Extracted records:

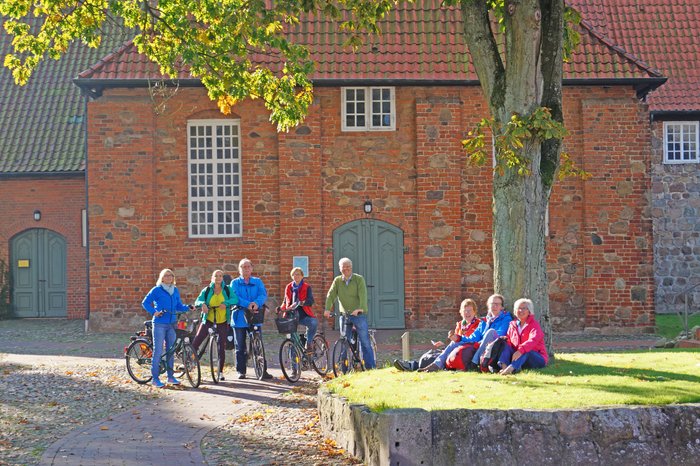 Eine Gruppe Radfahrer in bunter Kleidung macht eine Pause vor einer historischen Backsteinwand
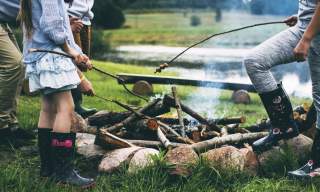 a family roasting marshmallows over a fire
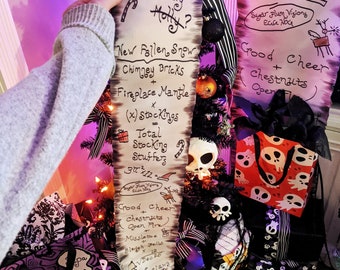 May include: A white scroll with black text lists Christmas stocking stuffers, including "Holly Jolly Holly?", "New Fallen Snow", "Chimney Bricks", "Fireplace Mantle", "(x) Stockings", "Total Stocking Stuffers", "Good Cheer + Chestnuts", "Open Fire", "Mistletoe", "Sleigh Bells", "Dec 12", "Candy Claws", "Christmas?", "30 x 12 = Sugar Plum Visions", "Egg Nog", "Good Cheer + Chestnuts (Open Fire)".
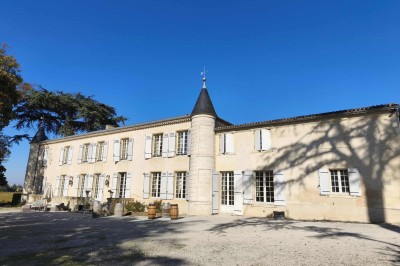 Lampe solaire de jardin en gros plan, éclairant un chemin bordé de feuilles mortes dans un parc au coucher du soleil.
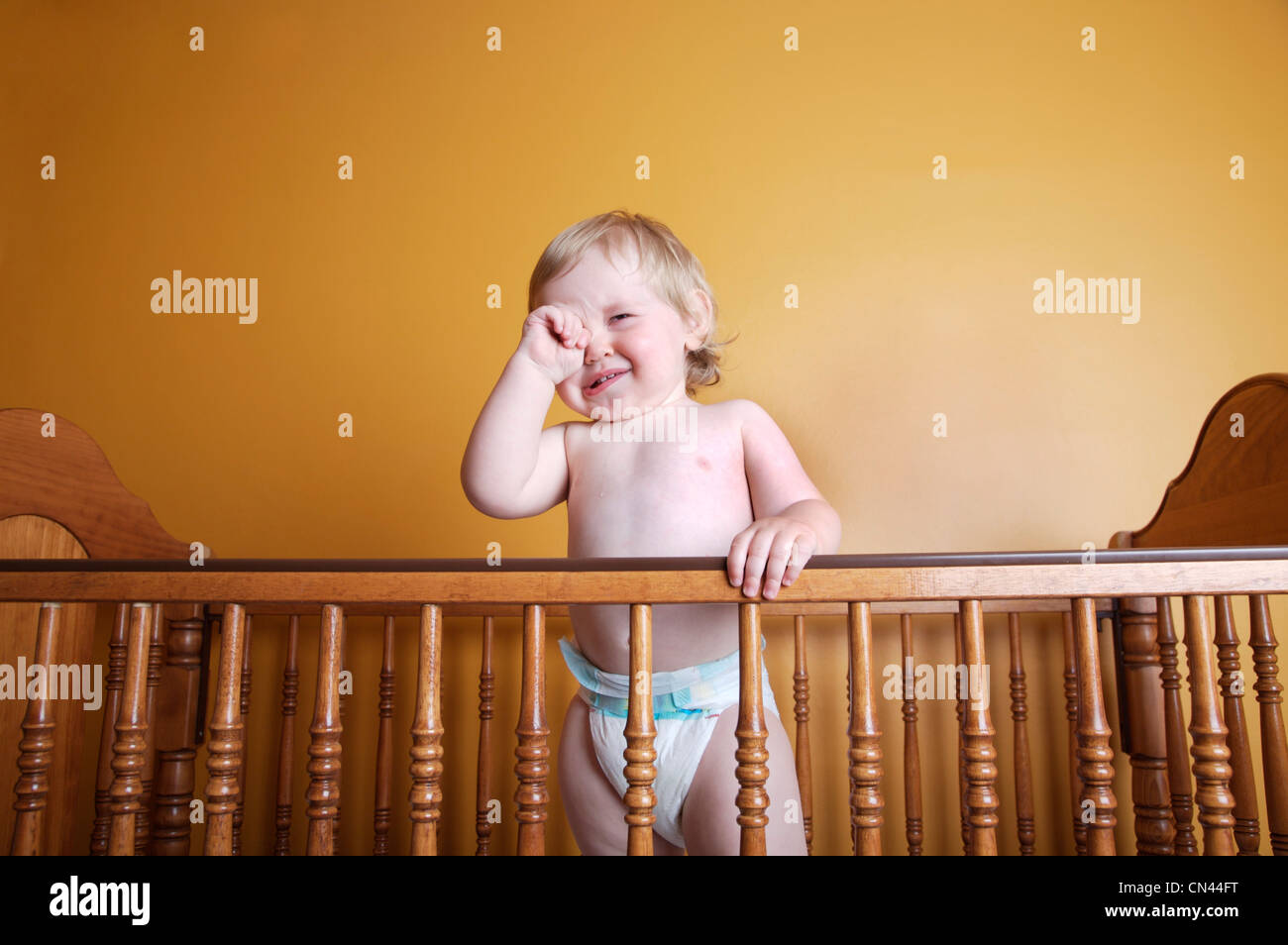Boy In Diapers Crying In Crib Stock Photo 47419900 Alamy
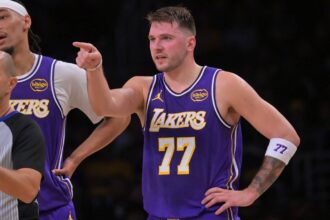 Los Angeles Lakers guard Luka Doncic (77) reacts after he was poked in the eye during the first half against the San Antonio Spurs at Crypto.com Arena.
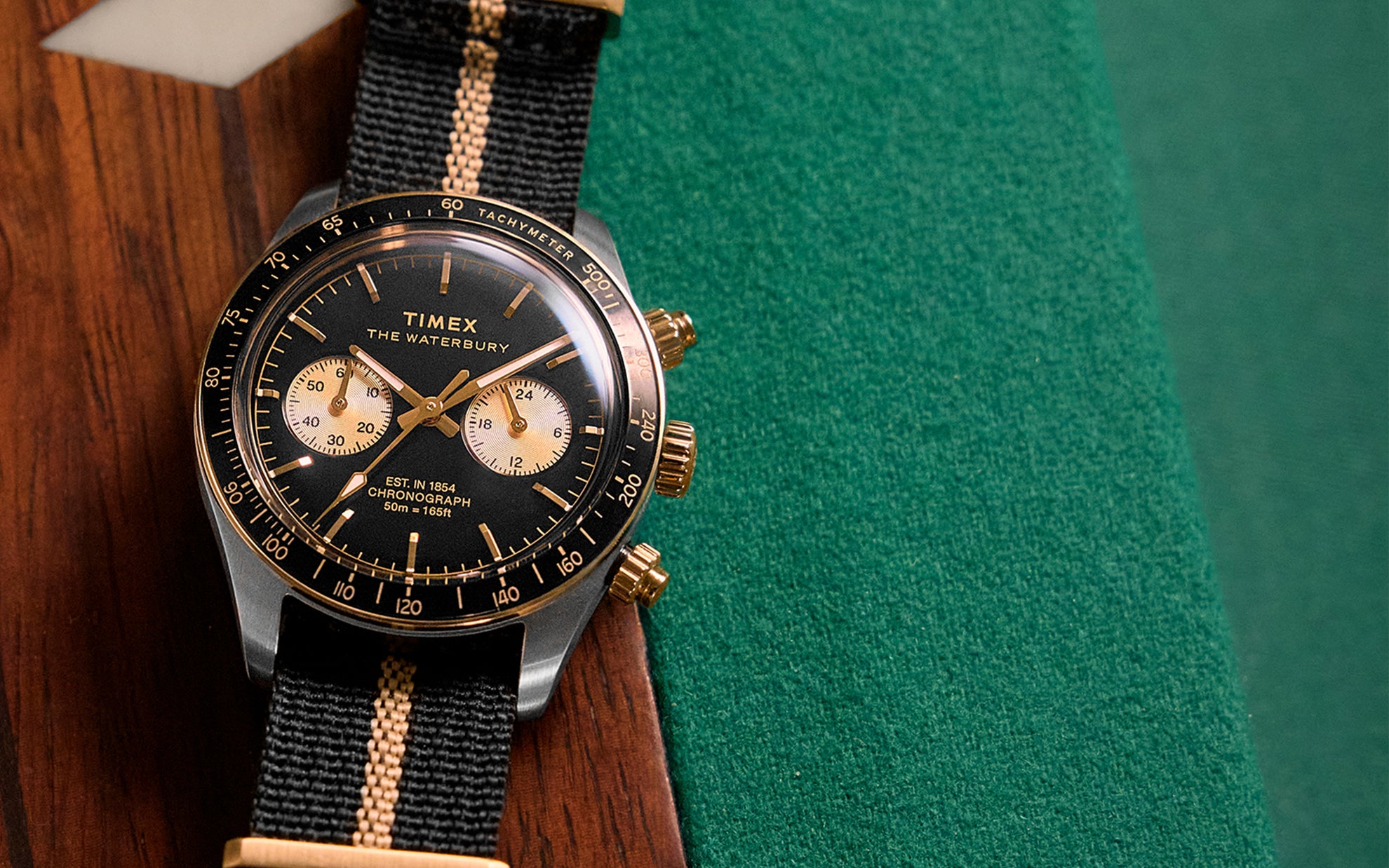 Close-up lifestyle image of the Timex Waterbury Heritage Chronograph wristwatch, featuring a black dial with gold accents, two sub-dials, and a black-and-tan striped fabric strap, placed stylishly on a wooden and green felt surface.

--

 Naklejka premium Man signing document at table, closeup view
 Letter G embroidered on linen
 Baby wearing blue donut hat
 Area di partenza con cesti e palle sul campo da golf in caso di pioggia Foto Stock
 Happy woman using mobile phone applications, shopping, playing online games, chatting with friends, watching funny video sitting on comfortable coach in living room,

What is required:
Keep to the lines above from the line with "Boy In Diapers" to the line with "Close-up lifestyle image", and set down exactly those, inclusive, with nothing else and every picture left out.

Answer below:
Boy In Diapers Crying In Crib Stock Photo 47419900 Alamy
 Los Angeles Lakers guard Luka Doncic (77) reacts after he was poked in the eye during the first half against the San Antonio Spurs at Crypto.com Arena.
 Close-up lifestyle image of the Timex Waterbury Heritage Chronograph wristwatch, featuring a black dial with gold accents, two sub-dials, and a black-and-tan striped fabric strap, placed stylishly on a wooden and green felt surface.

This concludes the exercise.